Problem to solve: Locate and copy each line in the data that contains the word "Beige".

━━━━━ Input data

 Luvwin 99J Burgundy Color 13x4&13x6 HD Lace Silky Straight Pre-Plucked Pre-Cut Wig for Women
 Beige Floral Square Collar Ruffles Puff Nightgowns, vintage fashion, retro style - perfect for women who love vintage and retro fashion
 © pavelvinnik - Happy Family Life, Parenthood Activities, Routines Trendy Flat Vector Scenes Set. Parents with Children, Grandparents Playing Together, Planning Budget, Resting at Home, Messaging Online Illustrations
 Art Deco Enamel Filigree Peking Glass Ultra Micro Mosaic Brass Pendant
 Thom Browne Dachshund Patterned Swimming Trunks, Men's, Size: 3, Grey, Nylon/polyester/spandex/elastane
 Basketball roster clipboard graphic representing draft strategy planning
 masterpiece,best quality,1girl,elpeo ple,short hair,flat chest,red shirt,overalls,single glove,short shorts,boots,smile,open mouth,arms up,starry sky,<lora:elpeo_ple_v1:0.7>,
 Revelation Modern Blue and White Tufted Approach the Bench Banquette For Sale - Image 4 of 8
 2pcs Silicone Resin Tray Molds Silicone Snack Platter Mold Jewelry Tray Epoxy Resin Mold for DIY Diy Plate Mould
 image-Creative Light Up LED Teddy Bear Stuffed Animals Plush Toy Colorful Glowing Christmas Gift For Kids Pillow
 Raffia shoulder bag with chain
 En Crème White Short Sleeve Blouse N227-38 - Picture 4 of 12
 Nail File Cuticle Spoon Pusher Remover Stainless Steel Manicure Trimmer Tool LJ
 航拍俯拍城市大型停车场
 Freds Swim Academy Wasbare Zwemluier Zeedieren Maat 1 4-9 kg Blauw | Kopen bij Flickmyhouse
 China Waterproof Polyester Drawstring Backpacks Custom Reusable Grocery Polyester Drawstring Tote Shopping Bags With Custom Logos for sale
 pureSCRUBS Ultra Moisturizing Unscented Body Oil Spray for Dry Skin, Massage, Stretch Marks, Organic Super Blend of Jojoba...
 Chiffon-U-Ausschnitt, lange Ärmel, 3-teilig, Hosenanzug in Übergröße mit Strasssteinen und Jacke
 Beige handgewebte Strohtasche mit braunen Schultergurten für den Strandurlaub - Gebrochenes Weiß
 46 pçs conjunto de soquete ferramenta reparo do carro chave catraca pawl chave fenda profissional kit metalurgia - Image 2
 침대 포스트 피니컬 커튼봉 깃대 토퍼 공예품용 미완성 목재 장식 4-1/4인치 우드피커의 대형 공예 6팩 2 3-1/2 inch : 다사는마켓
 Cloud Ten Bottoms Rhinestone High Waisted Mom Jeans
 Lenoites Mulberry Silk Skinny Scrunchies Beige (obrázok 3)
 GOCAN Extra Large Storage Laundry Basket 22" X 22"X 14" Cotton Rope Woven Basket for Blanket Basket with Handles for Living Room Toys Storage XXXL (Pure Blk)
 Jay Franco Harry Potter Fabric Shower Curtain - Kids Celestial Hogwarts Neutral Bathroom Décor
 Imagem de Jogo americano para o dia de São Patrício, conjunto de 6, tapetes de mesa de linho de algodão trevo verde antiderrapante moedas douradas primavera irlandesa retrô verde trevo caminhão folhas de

━━━━━━━━━━

Result of this exercise:
 Beige Floral Square Collar Ruffles Puff Nightgowns, vintage fashion, retro style - perfect for women who love vintage and retro fashion
 Beige handgewebte Strohtasche mit braunen Schultergurten für den Strandurlaub - Gebrochenes Weiß
 Lenoites Mulberry Silk Skinny Scrunchies Beige (obrázok 3)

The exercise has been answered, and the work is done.